◆ **YOUR TASK**
Take the entries below and reproduce exactly the portion that begins at the line containing "Nassa Dining Table gallery detail image" and ends at the line containing "PWD Hard Ware 30ml", keeping both ends, dropping pictures, and adding nothing else.

◆ **DATA SHOWN**
BEGIN

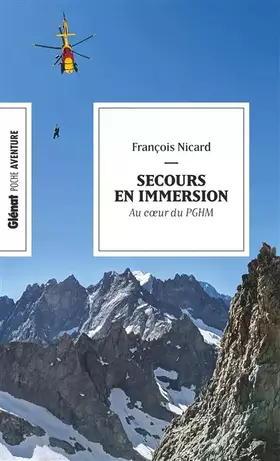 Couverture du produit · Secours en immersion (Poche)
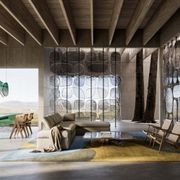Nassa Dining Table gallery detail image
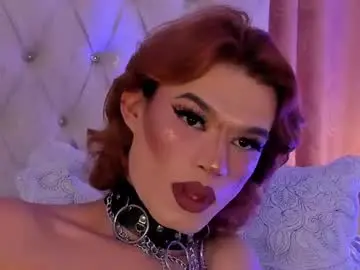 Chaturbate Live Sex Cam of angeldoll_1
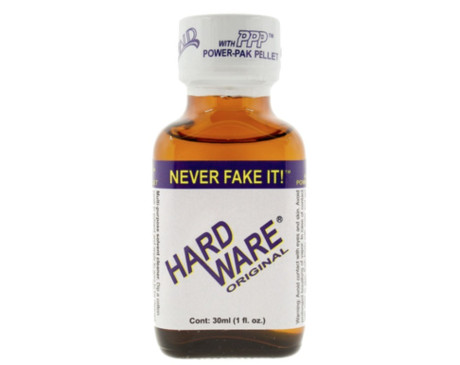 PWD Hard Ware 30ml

END
BEGIN

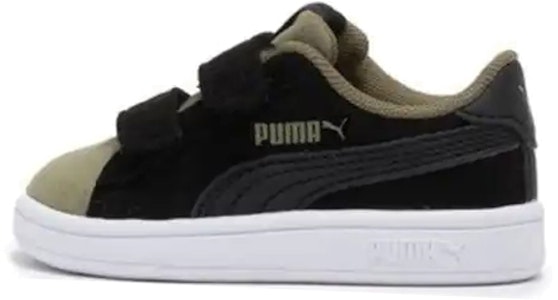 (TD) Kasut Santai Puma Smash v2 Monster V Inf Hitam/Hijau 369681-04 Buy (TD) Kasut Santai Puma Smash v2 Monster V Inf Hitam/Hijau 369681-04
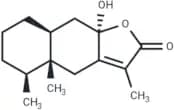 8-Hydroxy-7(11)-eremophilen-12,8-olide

END

◆ **EXERCISE SOLUTION**
Nassa Dining Table gallery detail image
 Chaturbate Live Sex Cam of angeldoll_1
 PWD Hard Ware 30ml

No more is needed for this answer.